Aerospace Insurance Market Approaches Parity in 2008
Aon launches the Aerospace Insurance Market Outlook 2009
LONDON.- Average lead premium in the aerospace insurance market continued to decline during 2008, but underwriters will be looking to increase premiums this year, Aon’s Aerospace Insurance Market Outlook 2009 shows. Total like-for-like lead premium in the sector fell by 1% on average in reporting currency, from US$849m in 2007 to US$832m in 2008.
The three main sectors of the aerospace sector received different treatment from underwriters according to the level of perceived risk:
Average lead premium reduction in the Airport sector: 4%
Forecast passenger growth has slowed for the second consecutive year, reflecting the tougher economic conditions with fewer passengers leading to lower exposures. Average premium in the sub-sector fell by 8% in 2007.

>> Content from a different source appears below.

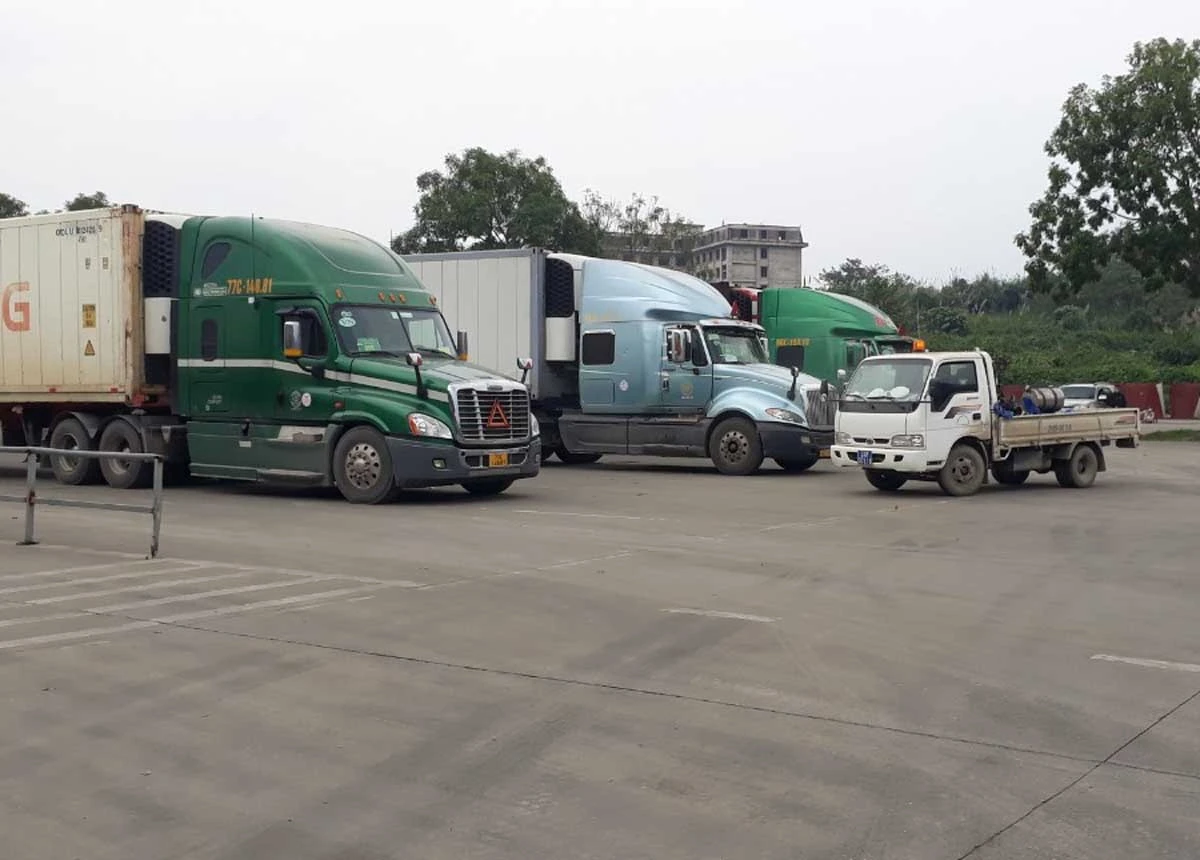 Phun khử khuẩn xe chở hoa quả.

Average lead premium increase in the Manufacturer sector: 3%
The manufacturer sector was the only one to see average premium increase in 2008, although this was significantly influenced by losses at a handful of renewals without which the sector would have seen an average premium reduction of 1%.

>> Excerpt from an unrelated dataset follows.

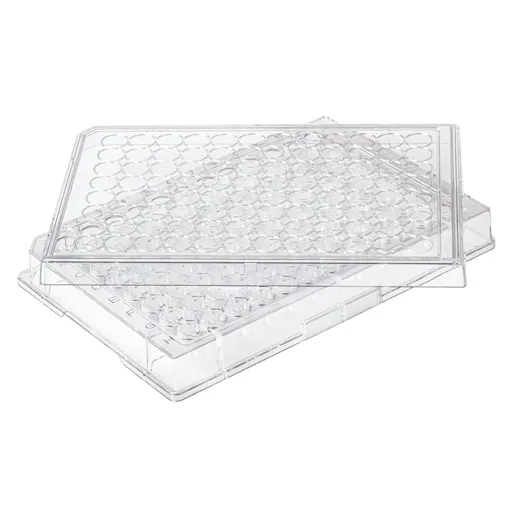 BIOFLOAT™ 細胞培養プレート、スフェロイド培養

Average lead premium decrease in the Service Provider sector: 6%
Forecast gallons of fuel being provided by the refueling sector fell for the second consecutive year, which is likely to reflect the high cost of aviation fuel during the early months of the year and the work being done across the industry to improve fuel consumption.
“While there is a temptation from insurers and to be somewhat gloomy about the current financial position, the aerospace industry continues to demonstrate rewards for modern, pro-active risk management, quality control approach, improved loss control and mitigation of litigation,” observes Steve Turner of Aon Global’s UK Aerospace team in London. “This will result in the reduction of insurance claims and in turn risk transfer costs along with added protection to a company’s balance sheet in both the good times and the difficult times.”